# WHAT IS BEING ASKED:
Once the line containing "LEGO Minifigure Superman" is found, copy it and each subsequent line exactly. Stop at the end of the records below.

+===+

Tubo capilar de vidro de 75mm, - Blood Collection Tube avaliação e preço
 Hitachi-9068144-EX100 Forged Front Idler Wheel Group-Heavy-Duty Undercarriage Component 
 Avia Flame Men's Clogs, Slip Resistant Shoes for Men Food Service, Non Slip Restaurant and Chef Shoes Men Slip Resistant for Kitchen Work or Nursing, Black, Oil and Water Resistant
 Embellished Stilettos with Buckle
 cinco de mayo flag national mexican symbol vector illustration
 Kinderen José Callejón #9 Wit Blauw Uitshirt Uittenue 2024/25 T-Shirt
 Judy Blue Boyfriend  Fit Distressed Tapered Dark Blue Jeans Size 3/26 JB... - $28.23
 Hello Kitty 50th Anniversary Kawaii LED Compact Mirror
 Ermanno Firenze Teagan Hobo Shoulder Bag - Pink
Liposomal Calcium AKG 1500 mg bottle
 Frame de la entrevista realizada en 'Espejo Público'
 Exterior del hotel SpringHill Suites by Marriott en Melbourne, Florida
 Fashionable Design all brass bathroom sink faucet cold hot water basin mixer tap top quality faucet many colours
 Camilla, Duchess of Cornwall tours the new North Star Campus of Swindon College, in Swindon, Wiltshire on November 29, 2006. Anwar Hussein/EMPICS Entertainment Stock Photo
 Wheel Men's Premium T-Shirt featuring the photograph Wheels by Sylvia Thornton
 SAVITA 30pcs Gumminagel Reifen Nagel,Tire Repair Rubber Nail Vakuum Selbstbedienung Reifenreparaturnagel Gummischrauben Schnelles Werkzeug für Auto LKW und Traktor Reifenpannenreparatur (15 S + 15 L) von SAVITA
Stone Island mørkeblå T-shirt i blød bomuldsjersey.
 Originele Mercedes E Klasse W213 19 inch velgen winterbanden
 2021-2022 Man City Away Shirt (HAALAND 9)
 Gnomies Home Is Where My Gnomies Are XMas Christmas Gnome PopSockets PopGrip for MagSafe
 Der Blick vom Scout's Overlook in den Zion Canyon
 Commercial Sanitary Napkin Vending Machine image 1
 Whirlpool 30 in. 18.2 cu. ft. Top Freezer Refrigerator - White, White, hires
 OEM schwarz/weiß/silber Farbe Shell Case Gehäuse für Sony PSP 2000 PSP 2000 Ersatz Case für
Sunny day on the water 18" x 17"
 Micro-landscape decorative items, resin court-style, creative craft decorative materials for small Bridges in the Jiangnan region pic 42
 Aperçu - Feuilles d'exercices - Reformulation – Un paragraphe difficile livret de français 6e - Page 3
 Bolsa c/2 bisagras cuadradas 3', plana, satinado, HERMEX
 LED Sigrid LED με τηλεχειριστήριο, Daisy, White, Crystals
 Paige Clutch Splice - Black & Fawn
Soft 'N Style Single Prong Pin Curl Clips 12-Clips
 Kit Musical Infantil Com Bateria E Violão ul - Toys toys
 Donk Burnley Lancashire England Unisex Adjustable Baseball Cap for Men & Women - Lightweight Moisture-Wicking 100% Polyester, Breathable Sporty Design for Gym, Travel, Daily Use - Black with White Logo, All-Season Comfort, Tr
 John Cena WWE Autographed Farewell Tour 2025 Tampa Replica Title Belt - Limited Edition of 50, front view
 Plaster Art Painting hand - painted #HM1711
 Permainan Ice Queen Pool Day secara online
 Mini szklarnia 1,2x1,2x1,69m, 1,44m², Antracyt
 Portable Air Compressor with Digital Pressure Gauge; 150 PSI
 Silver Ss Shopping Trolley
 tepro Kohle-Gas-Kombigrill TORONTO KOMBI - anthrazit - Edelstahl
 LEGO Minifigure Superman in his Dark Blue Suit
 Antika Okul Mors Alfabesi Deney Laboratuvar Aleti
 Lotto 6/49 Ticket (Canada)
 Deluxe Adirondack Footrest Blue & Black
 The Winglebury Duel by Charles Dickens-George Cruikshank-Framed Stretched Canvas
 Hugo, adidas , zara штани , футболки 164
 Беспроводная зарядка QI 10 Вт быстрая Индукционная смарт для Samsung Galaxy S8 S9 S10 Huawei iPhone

+===+

# THE ANSWER:
 LEGO Minifigure Superman in his Dark Blue Suit
 Antika Okul Mors Alfabesi Deney Laboratuvar Aleti
 Lotto 6/49 Ticket (Canada)
 Deluxe Adirondack Footrest Blue & Black
 The Winglebury Duel by Charles Dickens-George Cruikshank-Framed Stretched Canvas
 Hugo, adidas , zara штани , футболки 164
 Беспроводная зарядка QI 10 Вт быстрая Индукционная смарт для Samsung Galaxy S8 S9 S10 Huawei iPhone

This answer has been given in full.